You have all heard about deep neural networks, and maybe used it. In this post, I will try to explain the mathematics behind neural nets with a basic classification example. This tutorial has two parts, check out the part 2 here!

## tl;dr¶

1. A neural network is defined by a cascade of perceptron models, each with tunable parameters.
2. Activations are used to compute the probability or make a prediction from the features
3. The feed-forward pass evaluates the output(s) given the input(s)
4. Back-propagation computes the gradients, used in the optimization process to update the perceptron parameters

Deep learning is a tool that scientists use to solve a central problem in data science, how to model from data ? Depending of the context, data can be very complex and has diffrent forms: 1D signals (audio, finance), 2D images (camera, ultrasound), 3D volumes (X-ray, computer graphics) or videos, 4D moving volumes (f-MRI).

One way of infering predictions from these data is using machine learning. After designing a feature extractor by hand, you choose a system that predict from the feature whether the space is linear or not (SVM with kernel trick). On the other hand, deep learning strives to combine these two steps at once!

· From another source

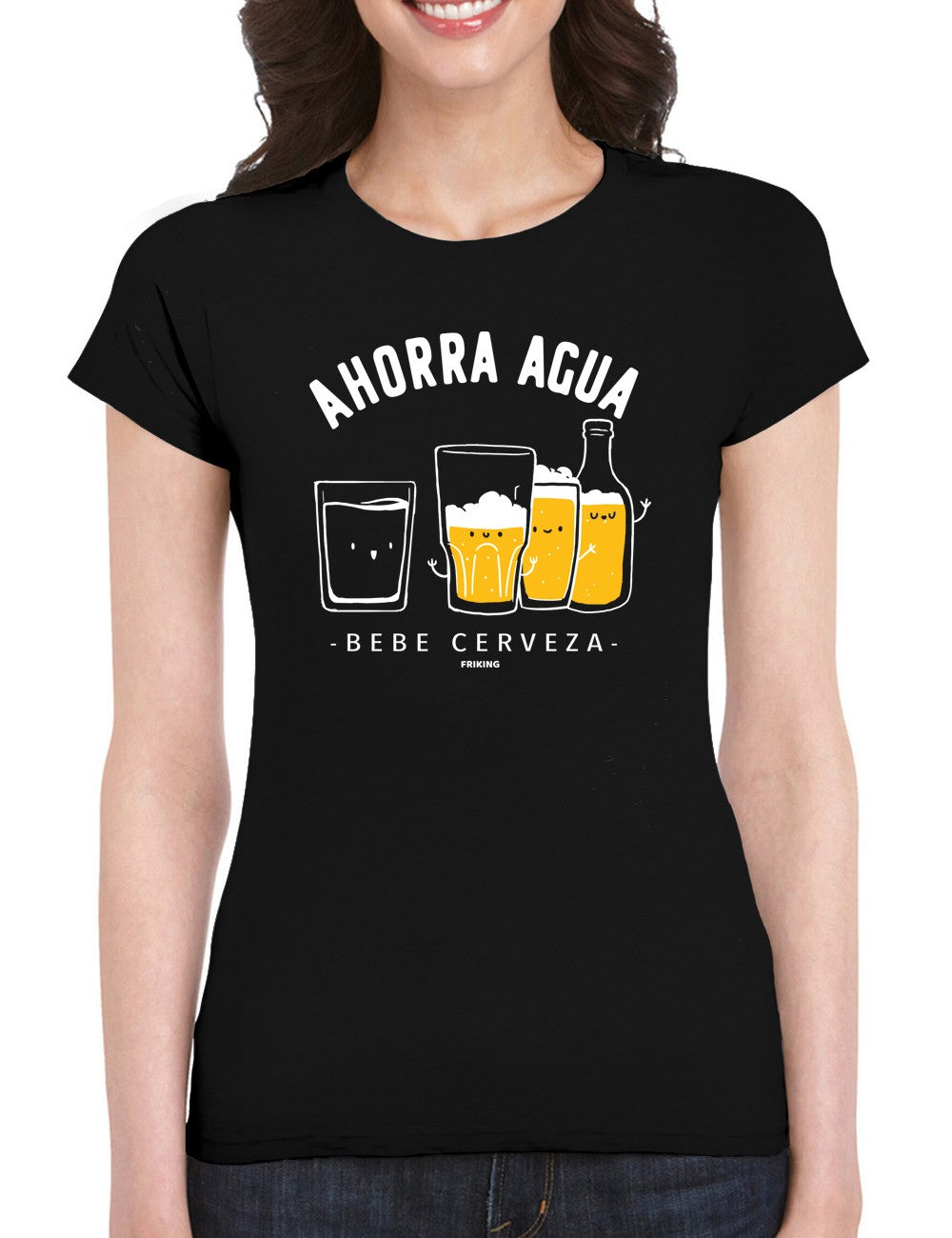 Ahorra agua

It extracts the high-level, abstract features from the data itself and use them to do the prediction.

This of course comes at a cost both in term of mathematical understanding or even money.

## 1. Background¶

### 1.1. Perceptron model¶

McCulloch et al. [1] were the first to introduce the idea of neural network as computing machine. It is a simple model defined by two free parameters, the weight vector $\mathbf{w}$ and bias $b$:

$$$$\label{eq:perceptron} f(\mathbf{x}) = \mathbf{x}\mathbf{w} + b$$$$

where the input vector $\mathbf{x}$ has size $[1\times D]$ with $D$ the number of features, and $\mathbf{w}$ has size $[D\times 1]$. This simple model can classify input features that are linearly separable.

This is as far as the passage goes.